Legal cannabis in Vermont? RAND lays out the options

There are choices other than prohibition and commercialization.

Last year, the Vermont legislature asked the Vermont governor for a report on the options for legalizing cannabis. The governor’s office hired RAND to do the research. That report is now public. (I’m listed as the third author for alphabetical reasons, though I doubt I did as much as 2% of the enormous amount of work that went into it.)

The Vermont process holds out great promise, because the normal legislative process - ugly as it can be - has the possibility of producing a result much more nuanced and more carefully considered from multiple viewpoints than the initiative process, under which propositions are drawn up by advocates with the advice of pollsters, no one ever holds a hearing, and any idea that can’t be explained in a 30-second TV spot has to be dropped. The key point of the RAND report is that there are legalization options other than full commercialization.  Niraj Chokshi of the Washington Post “GovBeat” blog provides an excellent summary. 

The key design question - this is my view rather than the one expressed in the report, which is scrupulously neutral - is how to make cannabis legally available for use by adults and wipe out the illicit market while at the same time minimizing the growth in use by minors and in the number of people with diagnosable cannabis use disorders (currently about 4 million people nationwide, about 10% of past-year users, 20% of past-month users).
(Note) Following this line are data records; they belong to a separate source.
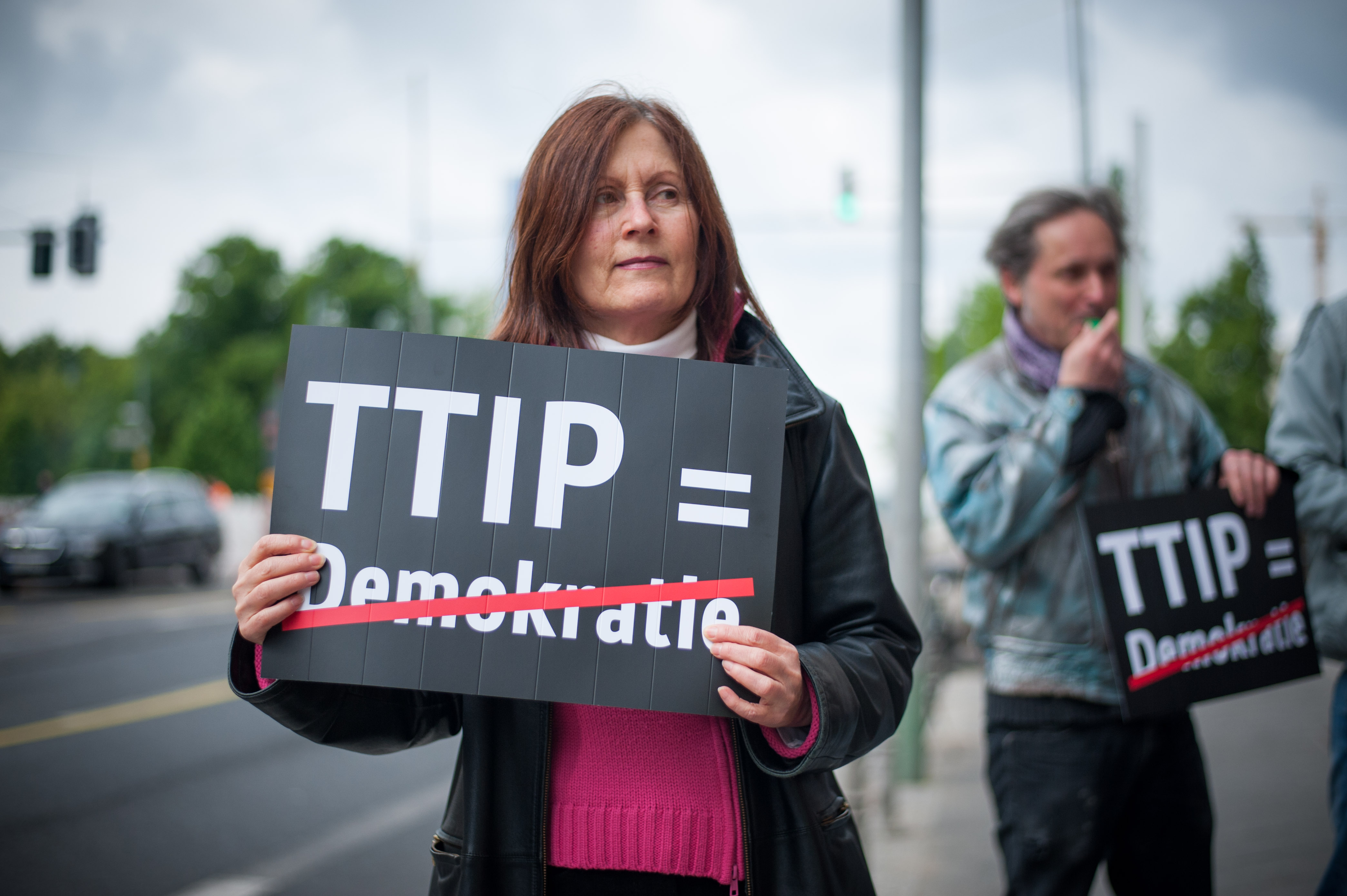 "TTIP verstößt gegen EU-Recht und deutsches Verfassungsrecht"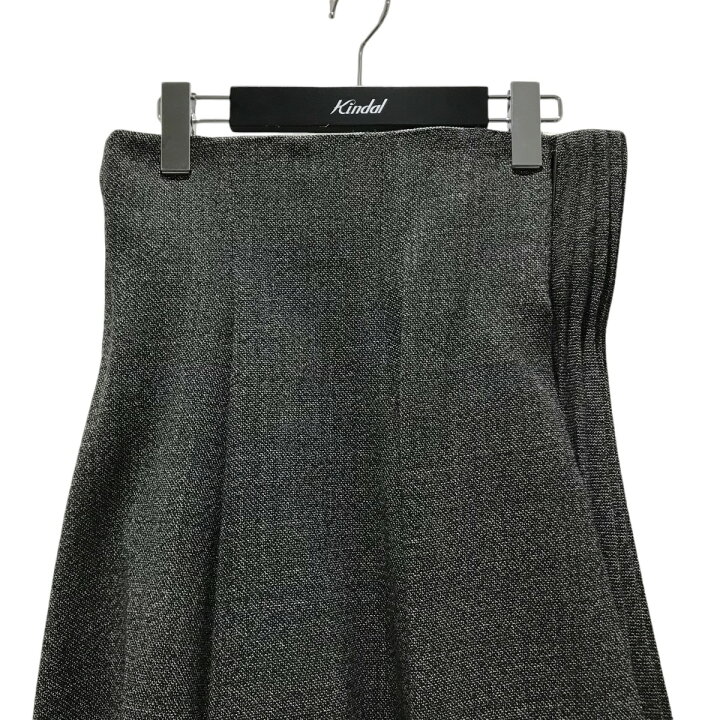 楽天市場】【中古】Christian Dior プリーツスカート 251J51S1186 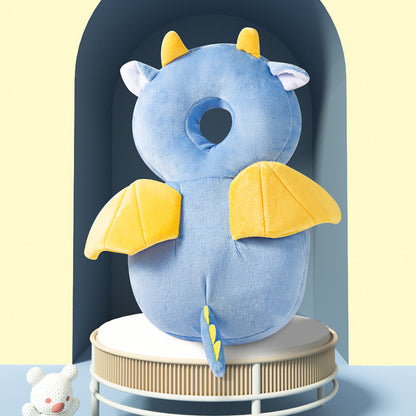 Bubbi™ Anti-Fall Pillow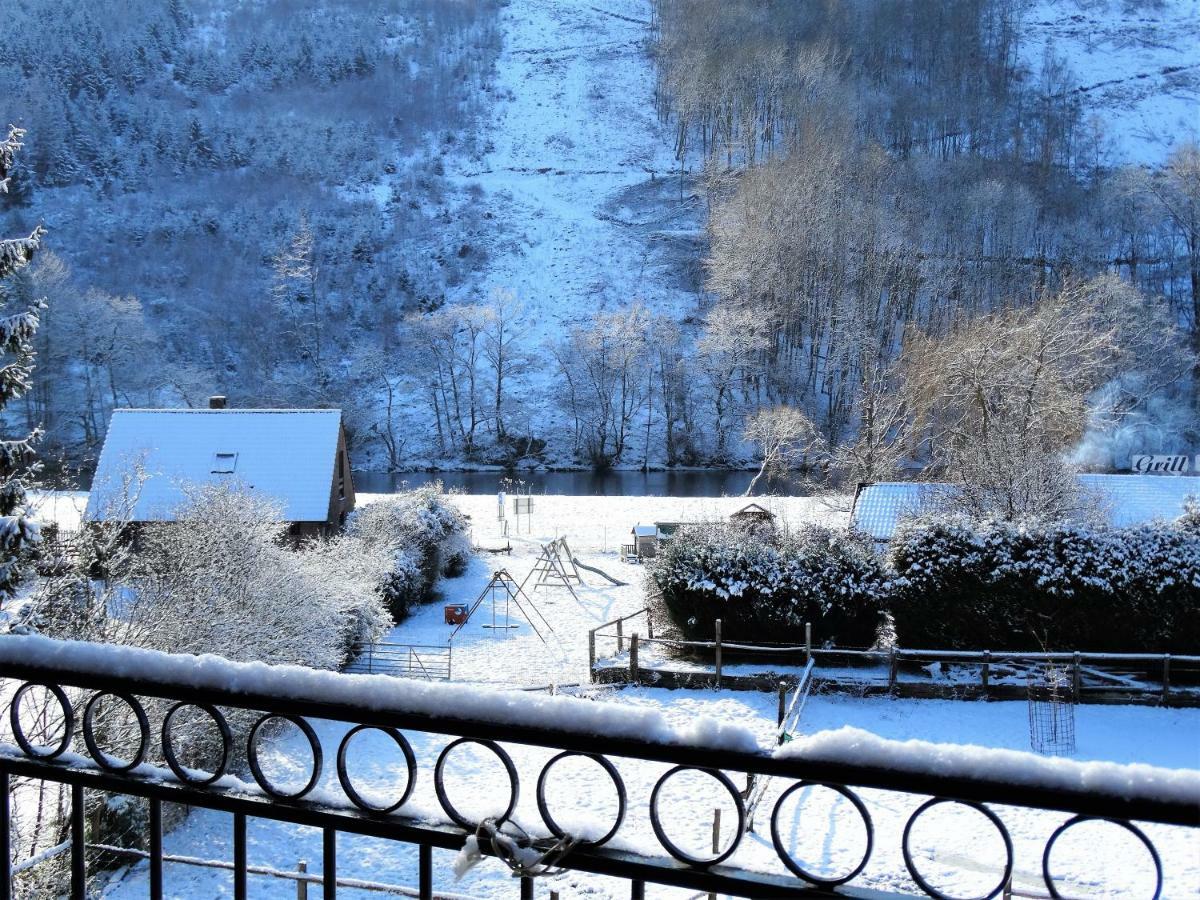 Relais Des Eveux Apartment La-Roche-en-Ardenne Exterior foto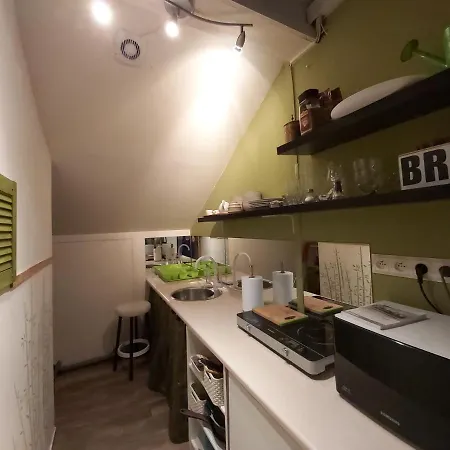Unolfi Bed & Breakfast Poznan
There are many ways to skin that cat, but I doubt that commercialization is the best approach.

But however you come out in the end, the major contribution of the report is to break through the simple prohibit/legalize dichotomy and display the wide range of options we have to choose from.  

Author: Mark Kleiman

Professor of Public Policy at the NYU Marron Institute for Urban Management and editor of the Journal of Drug Policy Analysis. Teaches about the methods of policy analysis about drug abuse control and crime control policy, working out the implications of two principles: that swift and certain sanctions don't have to be severe to be effective, and that well-designed threats usually don't have to be carried out. Books: Drugs and Drug Policy: What Everyone Needs to Know (with Jonathan Caulkins and Angela Hawken) When Brute Force Fails: How to Have Less Crime and Less Punishment (Princeton, 2009; named one of the "books of the year" by The Economist Against Excess: Drug Policy for Results (Basic, 1993) Marijuana: Costs of Abuse, Costs of Control (Greenwood, 1989) UCLA Homepage Curriculum Vitae Contact: Markarkleiman-at-gmail.com

2 thoughts on “Legal cannabis in Vermont? RAND lays out the options”

  1. "I’m listed as the third author for alphabetical reasons.." The convention in academic publishing is that the first name is identified as the lead author; SFIK - please correct me - the subsequent names are usually equal-second billing. This roughly reflects the hierarchical nature of research teams, though it can sometimes conceal unfairness to the juniors who did most of the work. For a policy report, the important thing is the assumption of responsibility for the content, so alphabetical egalitarianism is also rough justice. For your career, it helps to be Aaron Aardvark.

    The Onion could devise a more sophisticated scheme for credits using typographical differences, as in film. Italics in pink for the token woman, say.